** DATA BELOW follows **

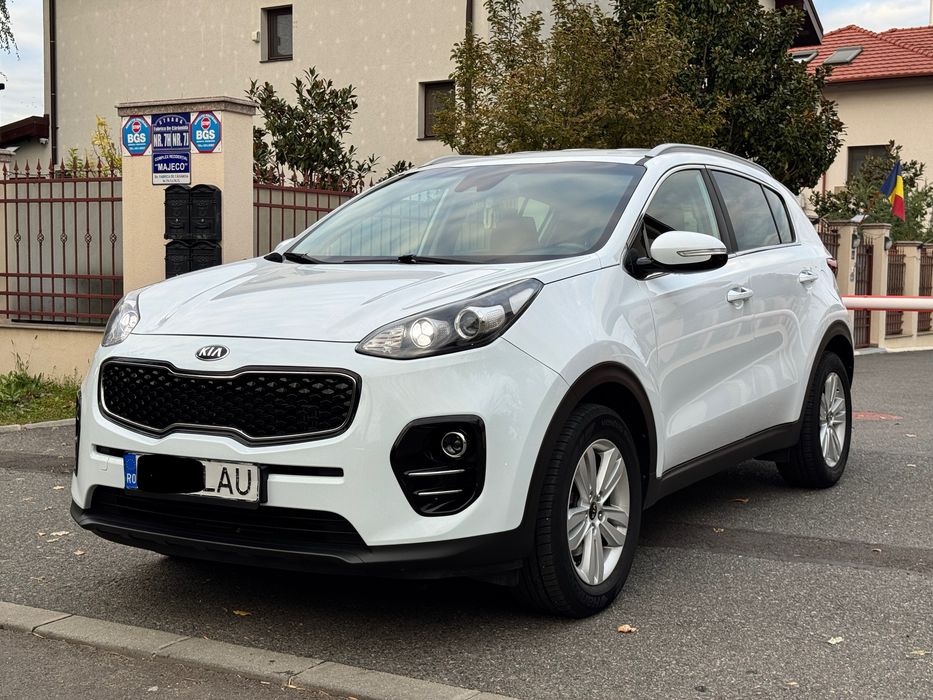 Kia Sportage 1.7 CRDI euro 6 Cons de 6 Km reali Fara daune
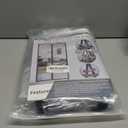 AUGO Magnetic Thermal Insulated Door Curtain - Transparent EVA Door Cover for Winter- Keeps Warm Air in and Cold Air Out - Home Winterizing Products - Patent Pending Keep Open Feature - 38 x 83 Inch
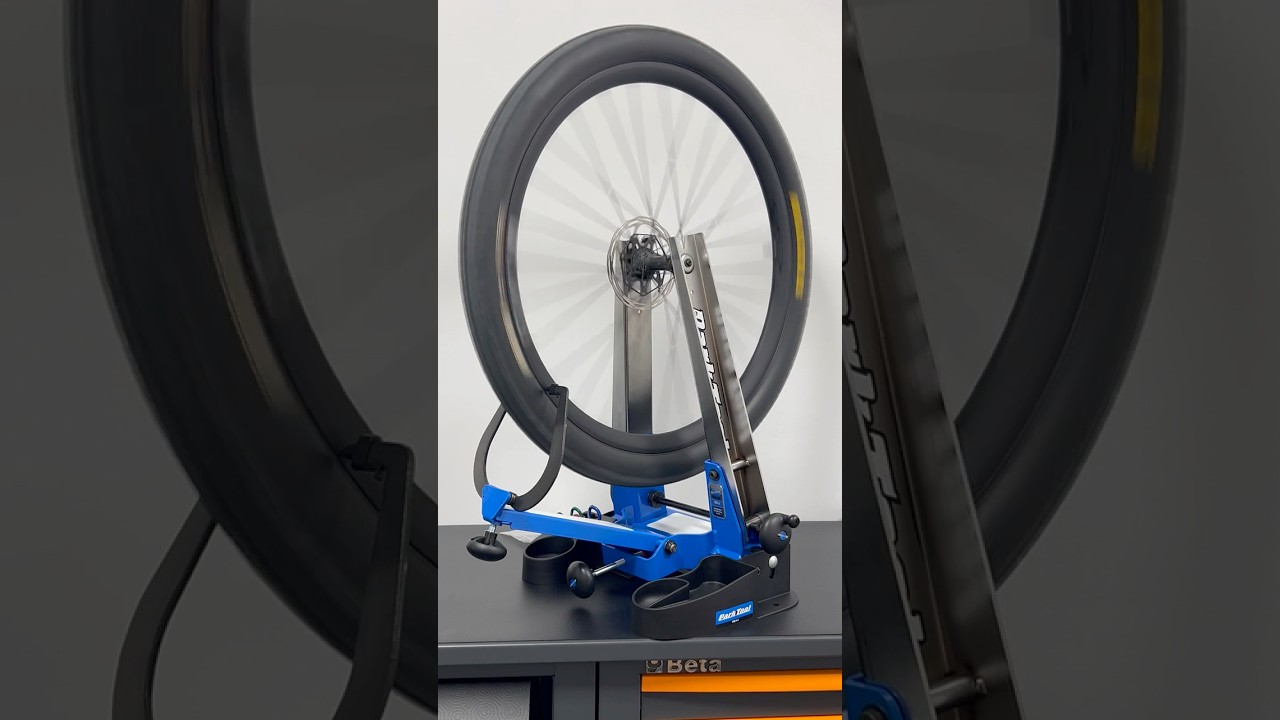 Park Tool TS-4.2, el centrador mas polivalente de la marca. #asmr #cyclinglife #cycling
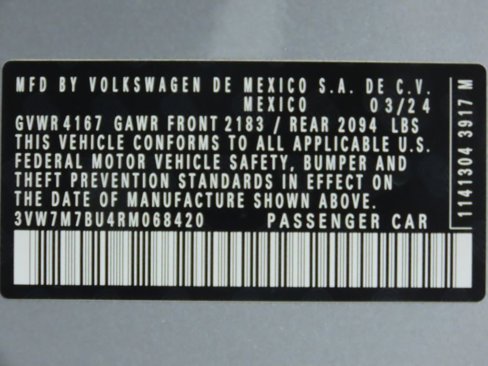 Certified 2024 Volkswagen Jetta SE image 36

** End of DATA BELOW **

WHAT THIS TASK INVOLVES:
Exactly as written, set down the lines from the line holding "AUGO Magnetic Thermal" to the last line of the data, both ends included, pictures excluded.

FINAL ANSWER:
 AUGO Magnetic Thermal Insulated Door Curtain - Transparent EVA Door Cover for Winter- Keeps Warm Air in and Cold Air Out - Home Winterizing Products - Patent Pending Keep Open Feature - 38 x 83 Inch
 Park Tool TS-4.2, el centrador mas polivalente de la marca. #asmr #cyclinglife #cycling
 Certified 2024 Volkswagen Jetta SE image 36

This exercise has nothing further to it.